About this exercise
Beginning with the line that holds "Hare - Full Colour Mug - black" and ending with the last line below, please copy every line exactly, add nothing, and leave out the pictures.

Data entries
================================

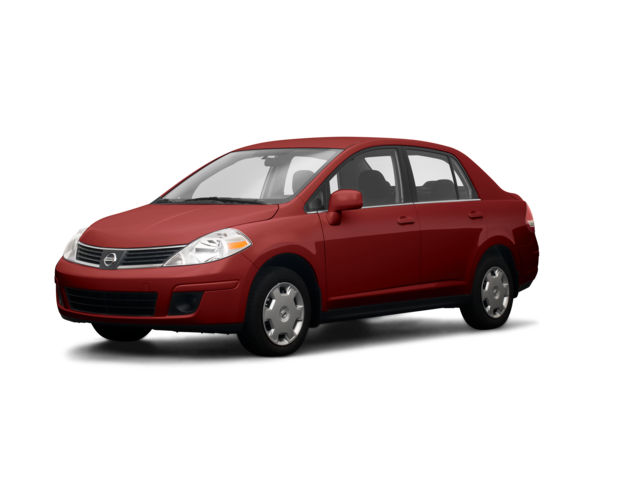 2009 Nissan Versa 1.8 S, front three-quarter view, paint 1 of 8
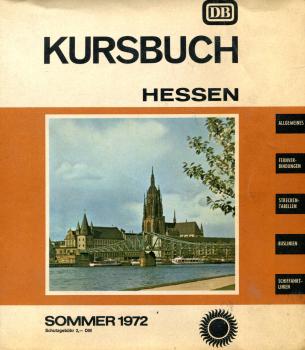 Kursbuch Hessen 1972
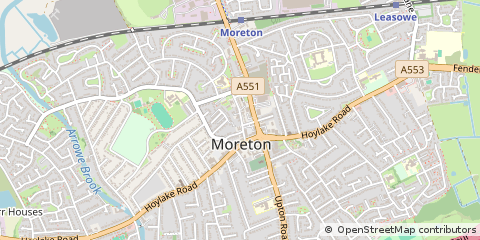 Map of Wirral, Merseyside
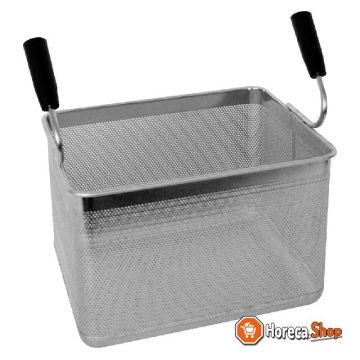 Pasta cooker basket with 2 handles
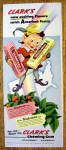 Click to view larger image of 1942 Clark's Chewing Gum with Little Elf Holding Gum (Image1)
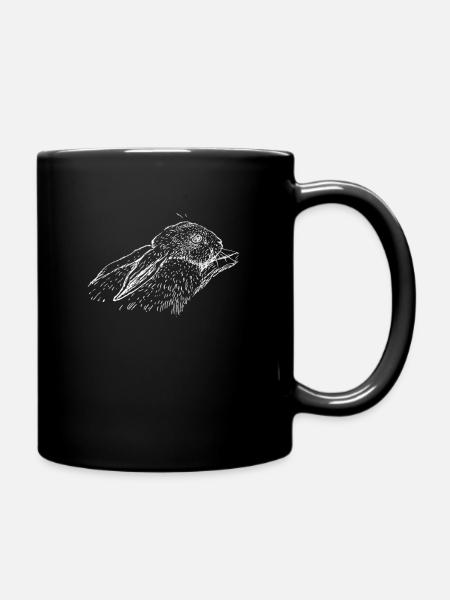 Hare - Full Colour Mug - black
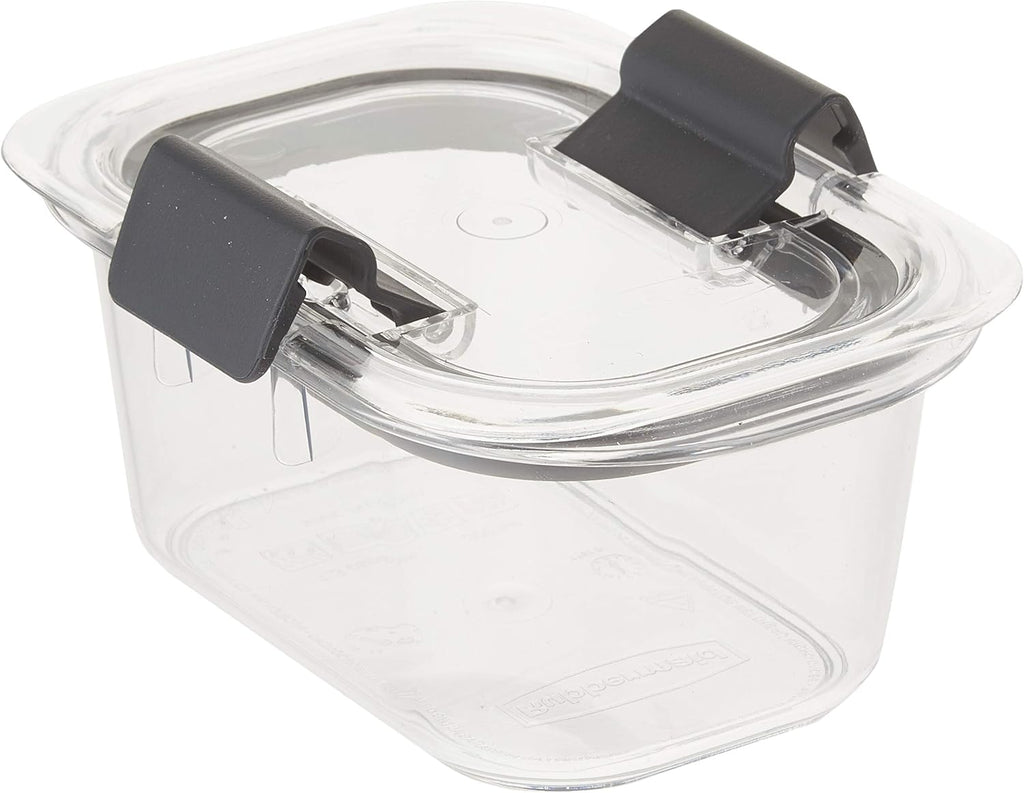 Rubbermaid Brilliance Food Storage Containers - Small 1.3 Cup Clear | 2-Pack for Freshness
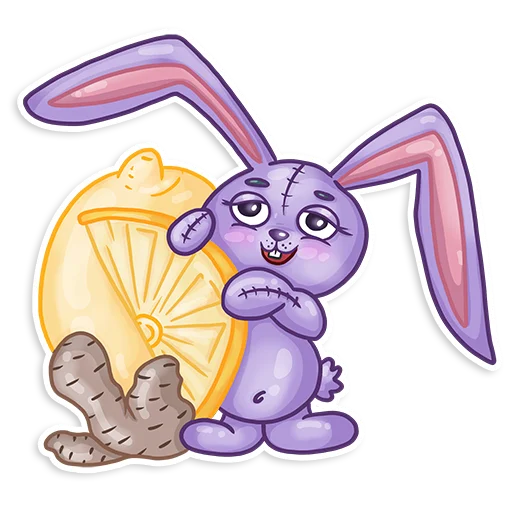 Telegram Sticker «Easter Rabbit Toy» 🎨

================================

Response to the task
 Hare - Full Colour Mug - black
 Rubbermaid Brilliance Food Storage Containers - Small 1.3 Cup Clear | 2-Pack for Freshness
 Telegram Sticker «Easter Rabbit Toy» 🎨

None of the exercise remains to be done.